3301. Maximize the Total Height of Unique Towers

Description

You are given an array maximumHeight, where maximumHeight[i] denotes the maximum height the i^th tower can be assigned.

Your task is to assign a height to each tower so that:

The height of the i^th tower is a positive integer and does not exceed maximumHeight[i].
No two towers have the same height.

Return the maximum possible total sum of the tower heights.

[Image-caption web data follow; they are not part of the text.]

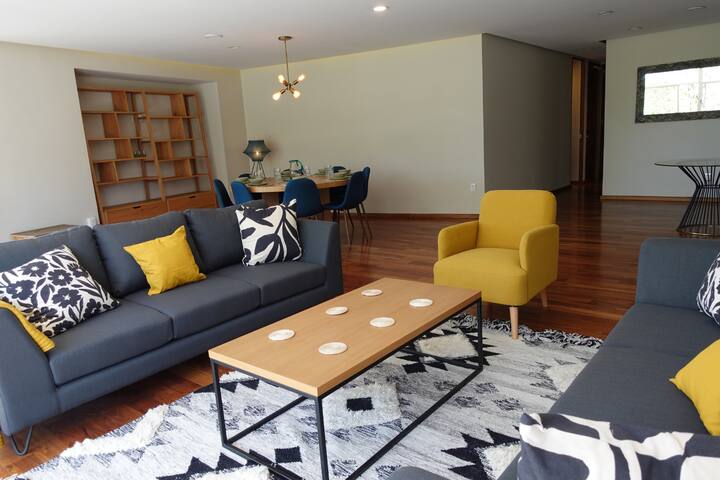 Spacious, light-filled apartment – Panoramic views gallery image 3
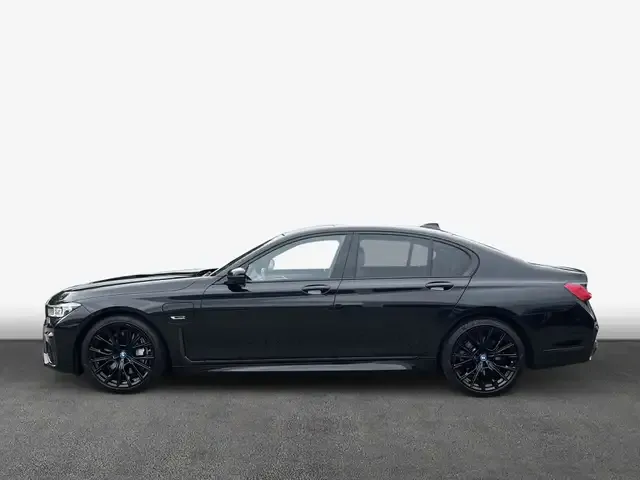 BMW 745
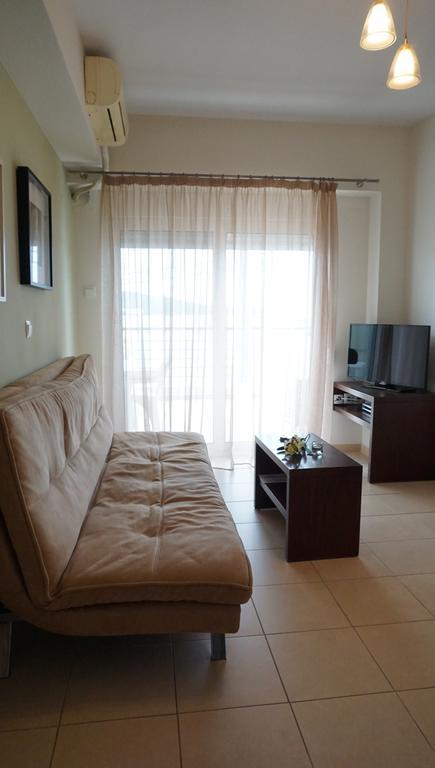 Ameris Studios & Apartments Неос Мармарас Екстериор снимка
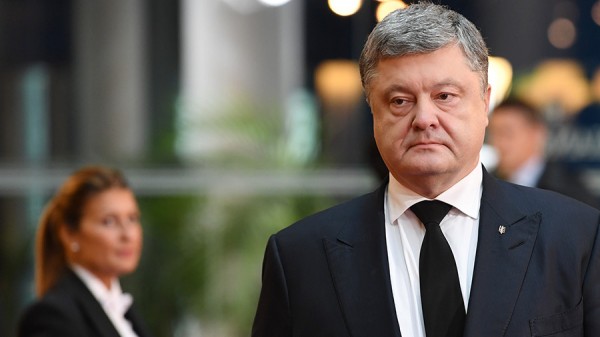 Порошенко: Грузинское досье ФСБ является фейком Порошенко: Грузинское досье ФСБ является фейком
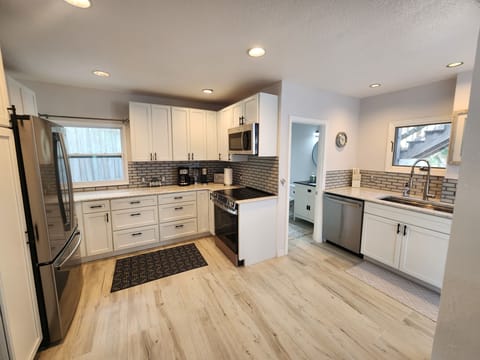 Full service kitchen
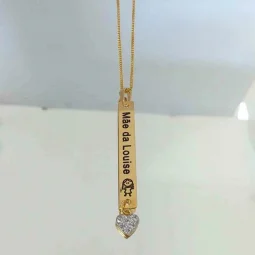 Colar de plaquinha personalizada Me da(o)..... com corao de zircnia- banhada a ouro.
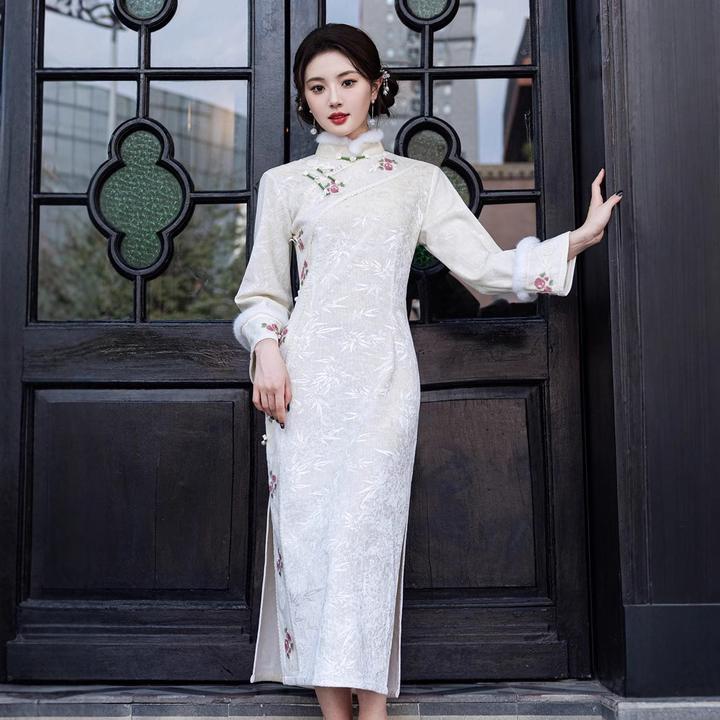 贝之韵米色复古风保暖毛绒领旗袍2024年冬季新款日常穿改良新中式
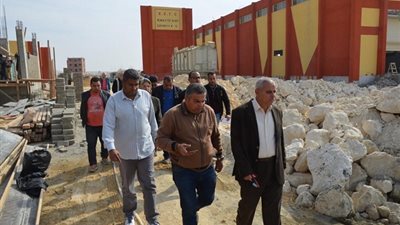مساعد نائب رئيس هيئة المجتمعات العمرانية الجديدة يتفقد مشروعات مدينة 15 مايو (صور)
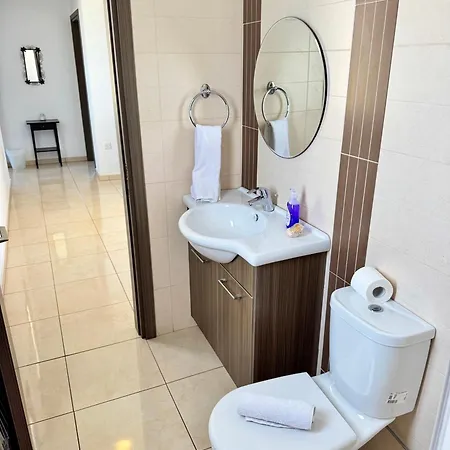 Aurora Gardens Spacious 3 Bedroom In فيلة *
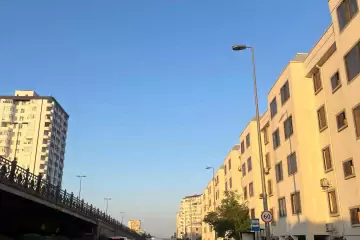 Satılır Köhnə Tikili Ayna Sultanova Heykəlində 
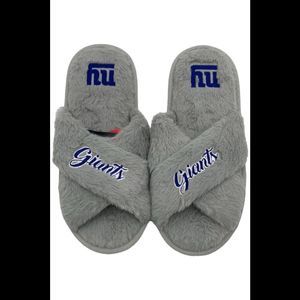 NFL Women's Fur Cross Team Slippers Giants -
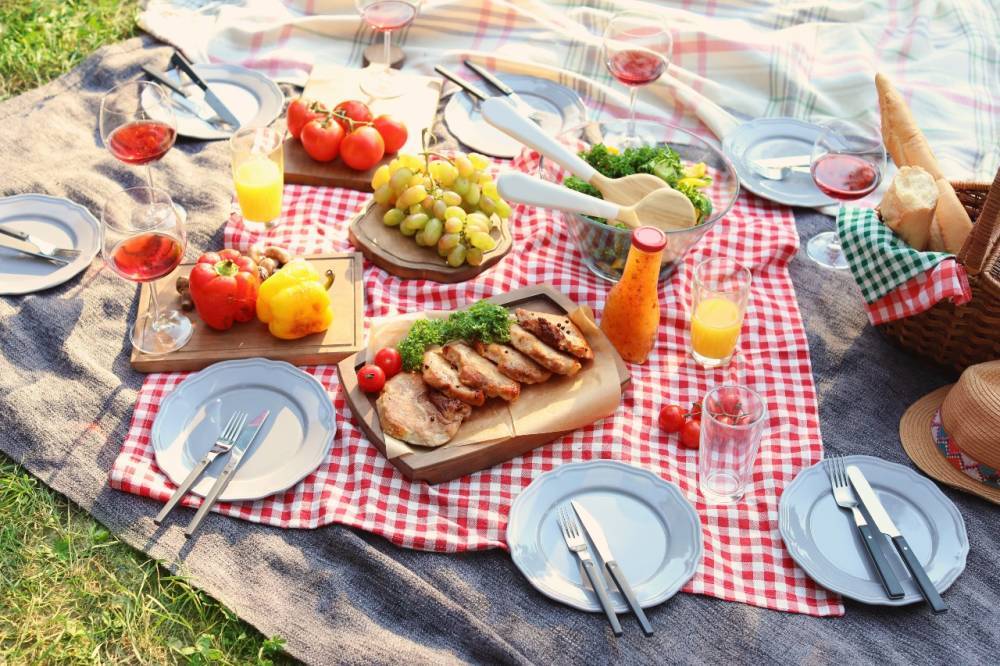 Пикник в итальянском стиле: 7 интересных рецептов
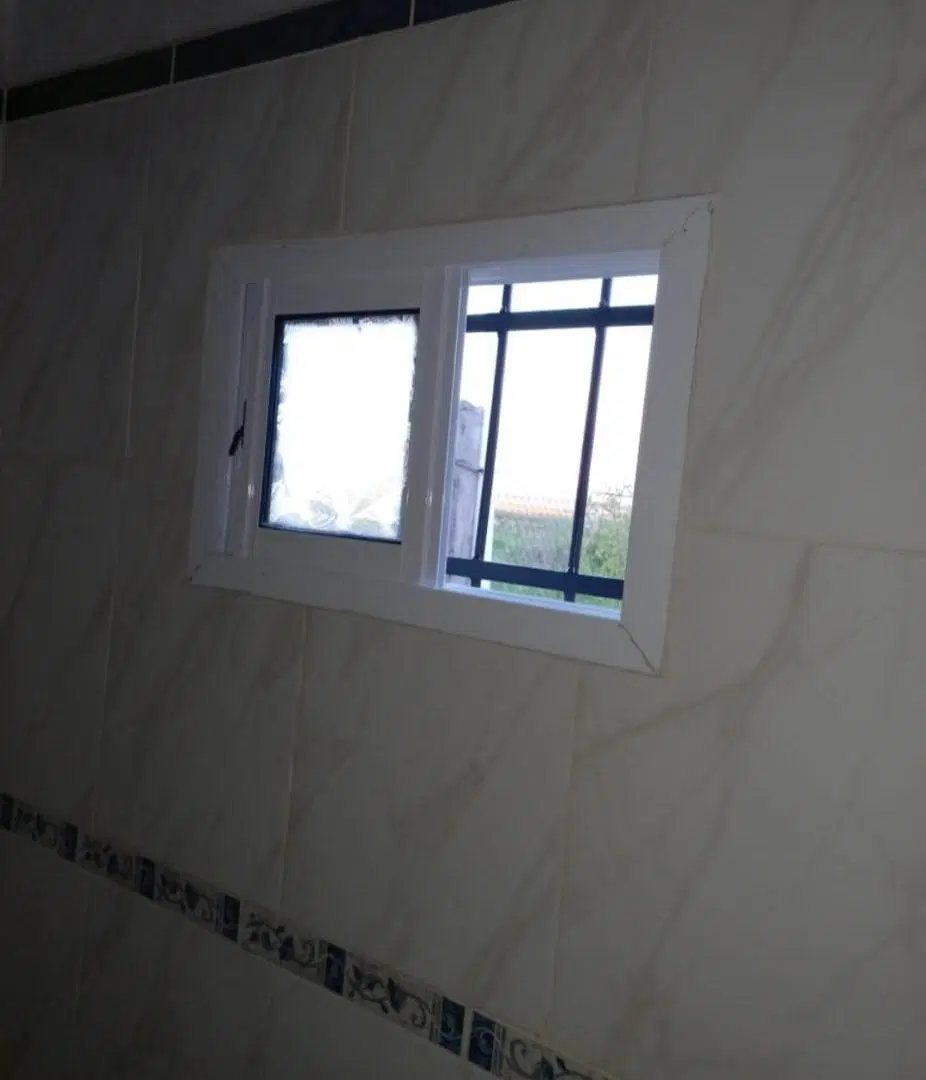 Casa en venta - 3 Dormitorios 1 Baño - Cochera - 600Mts2 - San Miguel 5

If it's not possible to assign heights, return -1.

Example 1:

Input: maximumHeight = [2,3,4,3]

Output: 10

Explanation:

We can assign heights in the following way: [1, 2, 4, 3].

Example 2:

Input: maximumHeight = [15,10]

Output: 25

Explanation:

We can assign heights in the following way: [15, 10].

Example 3:

Input: maximumHeight = [2,2,1]

Output: -1

Explanation:

It's impossible to assign positive heights to each index so that no two towers have the same height.

Constraints:

1 <= maximumHeight.length <= 10⁵
1 <= maximumHeight[i] <= 10⁹

Solutions

Solution 1: Sorting + Greedy

We can sort the maximum heights of the towers in descending order, then allocate the heights one by one starting from the maximum height. Use a variable $mx$ to record the current maximum allocated height.

If the current height $x$ is greater than $mx - 1$, update $x$ to $mx - 1$. If $x$ is less than or equal to $0$, it means the height cannot be allocated, and we directly return $-1$. Otherwise, we add $x$ to the answer and update $mx$ to $x$.

Finally, return the answer.

The time complexity is $O(n \times \log n)$, and the space complexity is $O(\log n)$. Here, $n$ is the length of the array $\textit{maximumHeight}$.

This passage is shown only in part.